Point-GN: A Non-Parametric Network Using Gaussian Positional Encoding for Point Cloud Classification

TL;DR

The paper tackles the challenge of efficient 3D point cloud classification under resource constraints. It introduces Point-GN, a non-parametric framework that combines Gaussian Positional Encoding with non-learnable components such as FPS and k-NN to extract both local and global geometric information without trainable parameters. The core contributions include a four-stage non-parametric feature encoder powered by GPE, a memory-based similarity classifier, and extensive evaluations showing competitive accuracy and fast inference on ModelNet40 and ScanObjectNN, with zero learned parameters.
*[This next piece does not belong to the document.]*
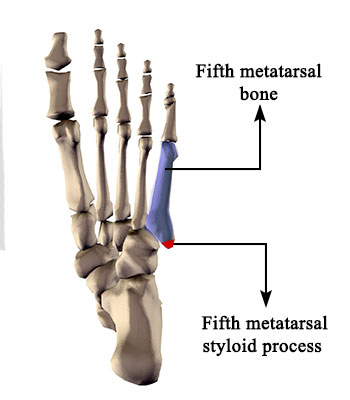 Fifth Metatarsal Bone structure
This approach offers a practical solution for real-time perception in robotics and embedded systems, enabling accurate classification without the overhead of parametric models.

Abstract

This paper introduces Point-GN, a novel non-parametric network for efficient and accurate 3D point cloud classification. Unlike conventional deep learning models that rely on a large number of trainable parameters, Point-GN leverages non-learnable components-specifically, Farthest Point Sampling (FPS), k-Nearest Neighbors (k-NN), and Gaussian Positional Encoding (GPE)-to extract both local and global geometric features. This design eliminates the need for additional training while maintaining high performance, making Point-GN particularly suited for real-time, resource-constrained applications. We evaluate Point-GN on two benchmark datasets, ModelNet40 and ScanObjectNN, achieving classification accuracies of 85.29% and 85.89%, respectively, while significantly reducing computational complexity. Point-GN outperforms existing non-parametric methods and matches the performance of fully trained models, all with zero learnable parameters. Our results demonstrate that Point-GN is a promising solution for 3D point cloud classification in practical, real-time environments.

Figures (5)

• Figure 1: Illustration of the proposed non-parametric network for point cloud classification.
• Figure 2: Overview of the architecture of our Non-Parametric Feature Encoder. The figure illustrates the main components of Point-GN, including Gaussian Positional Encoding (GPE), local grouping and feature aggregation. Each stage of the network is designed to efficiently capture spatial relationships within the point cloud without the need for learnable parameters.
• Figure 3: Illustration of the non-parametric classifier pipeline. The test feature is compared with the stored feature embeddings from the training set, and similarity scores are computed to assign the most likely class label based on proximity in feature space.
• Figure 4: Test Speed (samples per second) on ScanObjectNN uy2019revisiting and ModelNet40 wu20153d datasets. The plot compares the inference speed of Point-NN zhang2023parameter and Point-GN on four different datasets. Point-GN shows significant improvements in inference speed across all datasets.
• Figure 5: Ablation study results showing the sensitivity of Point-GN's performance to key hyperparameters: (a) Number of neighbors ($K$), (b) Dimension of Gaussian Positional Encoding (GPE), (c) Number of stages, and (d) Sigma ($\sigma$). We compare the performance of the model on ModelNet40 wu20153d (orange) and ScanObjectNN uy2019revisiting (cyan) datasets, showing both the average and best performances.